* [Crawled caption data]
•••••

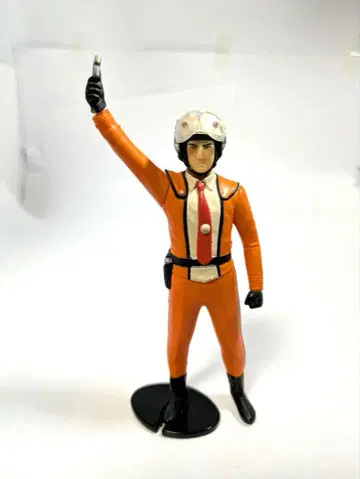 울트라맨 하야타 대원 피규어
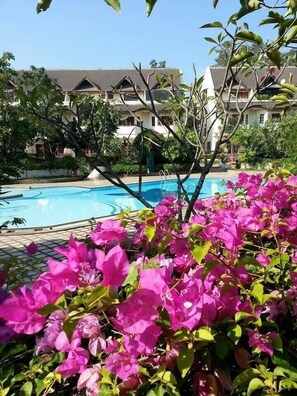 Outdoor pool - Sila Pool Villa (Mae Rim)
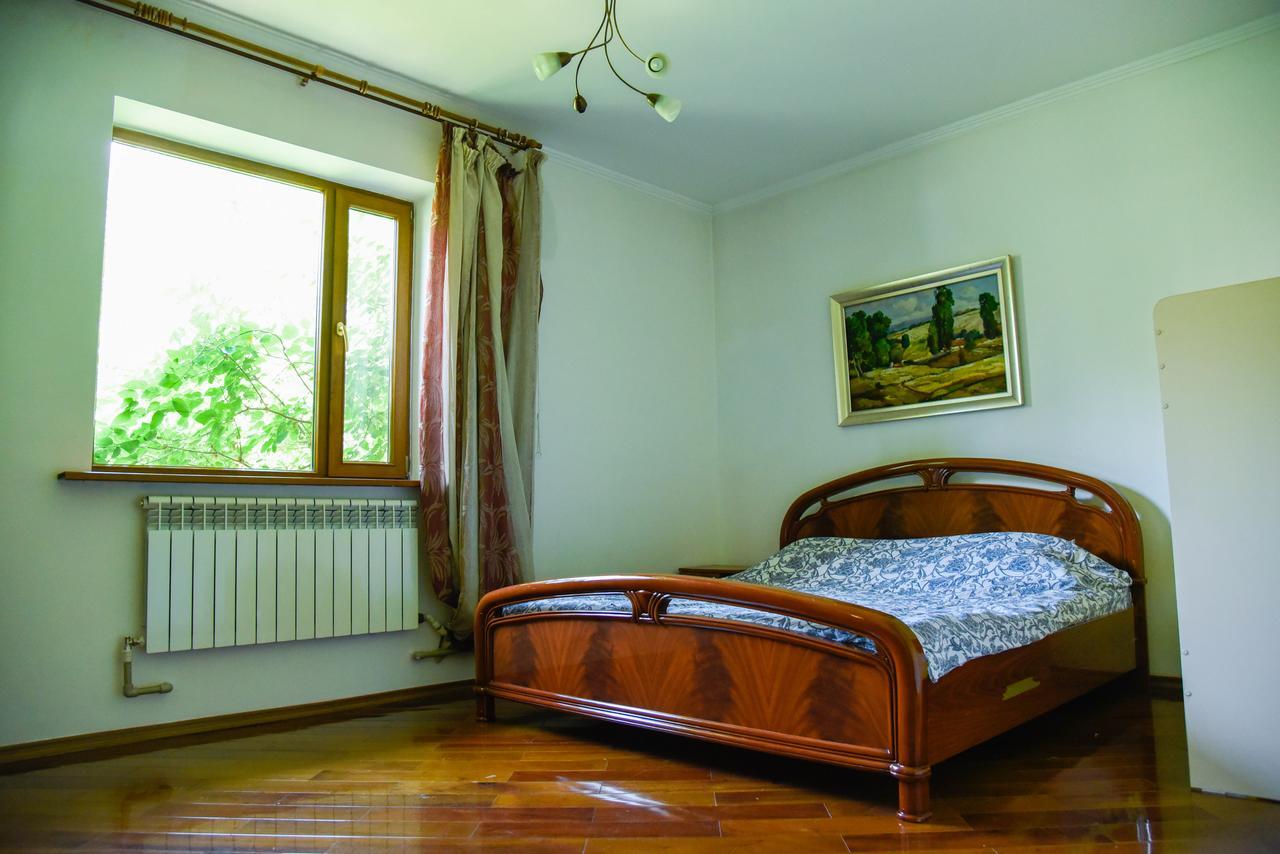"European" Backpackers Hostel In 알마티 외부 사진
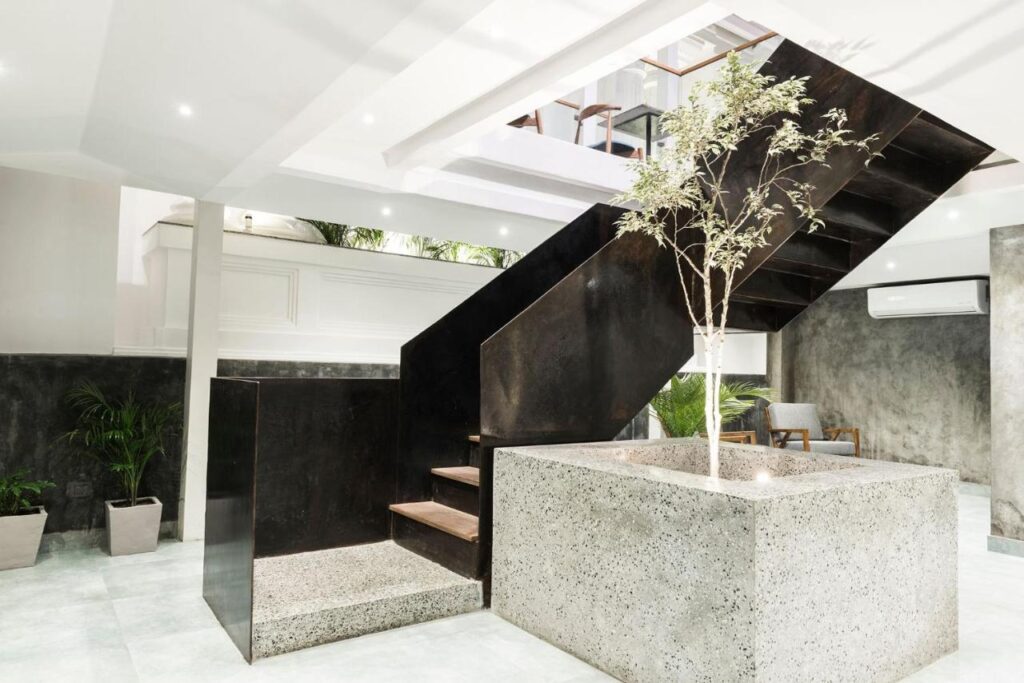 escalier menant à la salle pour les petits-déjeuners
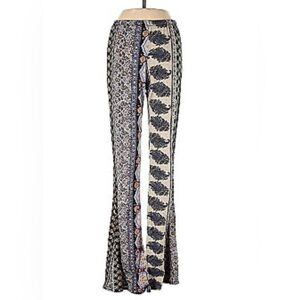 Mudd|Bohemian Patterned Flare Pants,mixed pattern•••Size LARGE,Beachy style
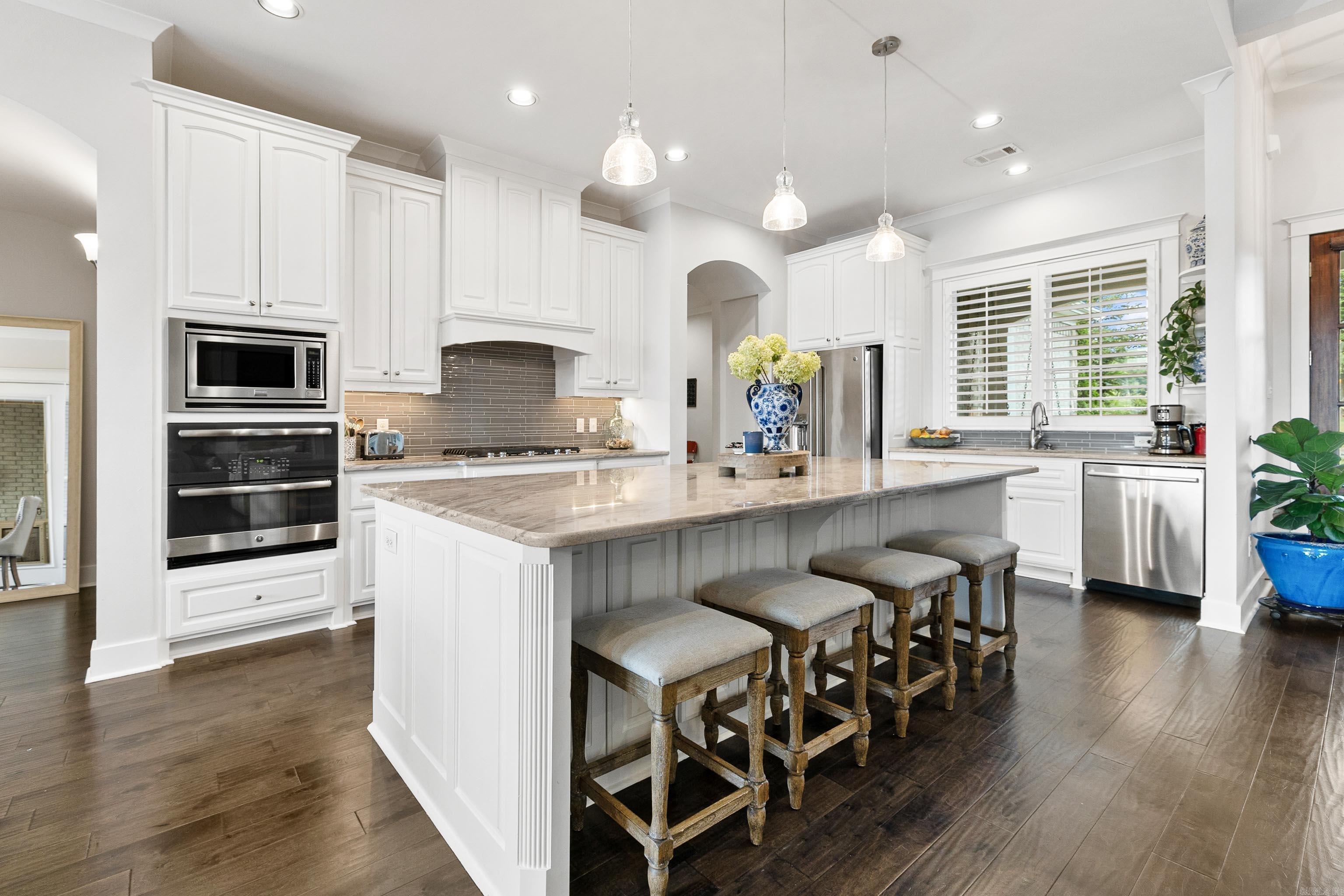 7514 Shoreline Boulevard  Benton, AR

•••••

* [TASK GOAL] Write out exactly, please, the lines that start at the one containing "escalier menant à" and run through the final line of the entries, both included, leaving pictures out.

* [WRITTEN SOLUTION]
 escalier menant à la salle pour les petits-déjeuners
 Mudd|Bohemian Patterned Flare Pants,mixed pattern•••Size LARGE,Beachy style
 7514 Shoreline Boulevard  Benton, AR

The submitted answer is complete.